As you point out, 'ref' is designed for this.

I wouldn't call it "designed", but "repurposed"...

    struct Container(T) {
        scope ref T opIndex(size_t index);
    }

    void bar(scope ref int a);

    Container c;
    bar(c[42]);            // ok
    scope ref tmp = c[42]; // nope

Both cases should be fine theoretically; the "real" owner lives longer than
`tmp`. Unfortunately the compiler doesn't know about this.

Right, though the compiler can optimize to produce the equivalent.

??? This is a problem on the semantic level, unrelated to optimization:

    // contrived example to illustrated the point
    Container c;
    scope ref x = c[42];   // not
    scope ref y = c[44];   // ...
    scope ref z = c[13];   // allowed
    foo(x, y, z, x+y, y+z, z+x, x+y+z);

    // workaround, but error-prone and has different semantics
    // (opIndex may have side effects, called multiple times)
foo(c[42], c[44], c[13], c[42]+c[44], c[44]+c[13], c[13]+c[42], c[42]+c[44]+c[13]);

    // another workaround, same semantics, but ugly and unreadable
    (scope ref int x, scope ref int y, scope ref int z) {
        foo(x, y, z, x+y, y+z, z+x, x+y+z);
    }(c[42], c[44], c[13]);

3) `scope` cannot be used for value types.

I can think of a few use cases for scoped value types (RC and file descriptors),
but they might only be marginal.

I suspect that one can encapsulate such values in a struct where access to them is strictly controlled.

They can, but again at the cost of an indirection (ref).

4) No overloading on `scope`.

This is at least partially a consequence of `scope` inference.
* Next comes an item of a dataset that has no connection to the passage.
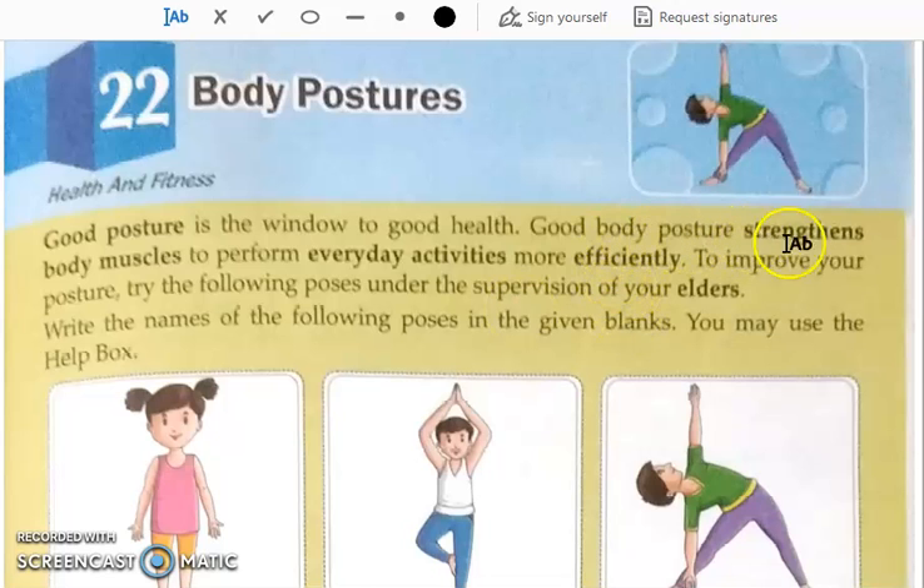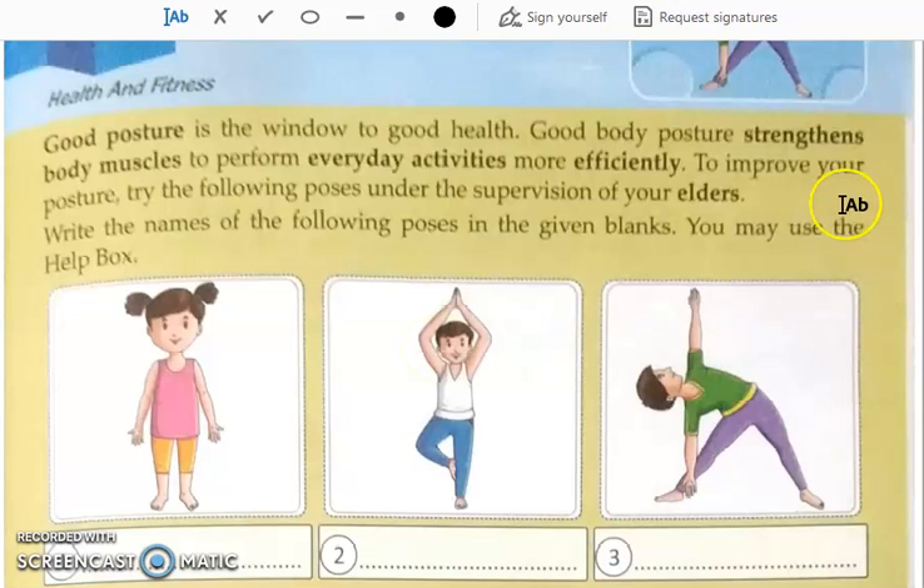Good body postures strengthen body muscles to perform everyday activities more efficiently. When you sit nicely and have a good posture, your body muscles will be strong and you can do work more efficiently. To improve your posture, try the following poses under the supervision of your elders — these are some yoga poses.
I think overloading can be made to work in the presence of inference, but I haven't
thought it through.

Right. Different overloads can have different semantic implementations, so what should inference do? I also suspect it is bad style to overload on 'scope'.

It only makes sense with scope value types (see the RC example). For references, I don't know any useful applications.

6) There seem to be problems with chaining.

    scope ref int foo();
    scope ref int bar1(ref int a) {
        return a;
    }
    scope ref int bar2(scope ref int a) {
        return a;
    }
    ref int bar3(ref int a) {
        return a;
    }
    ref int bar4(scope ref int a) {
        return a;
    }
    void baz(scope ref int a);

Which of the following calls would work?

    foo().bar1().baz();

yes

    foo().bar2().baz();

no - cannot return scope ref parameter

    foo().bar3().baz();

yes

    foo().bar4().baz();

no, cannot return scope ref parameter


I'm not sure I understand this fully yet, but it could be that none of them work...

Well, you're half right :-)

Ok, so let's drop bar2() and bar4().

    scope ref int foo();
    scope ref int bar1(ref int a) {
        return a;
    }
    ref int bar3(ref int a) {
        return a;
    }
    ref int baz_noscope(/*scope*/ ref int a);

    foo().bar1().baz_noscope();
    foo().bar3().baz_noscope();

And now? In particular, will the return value of `bar3` be treated as if it were `scope ref`?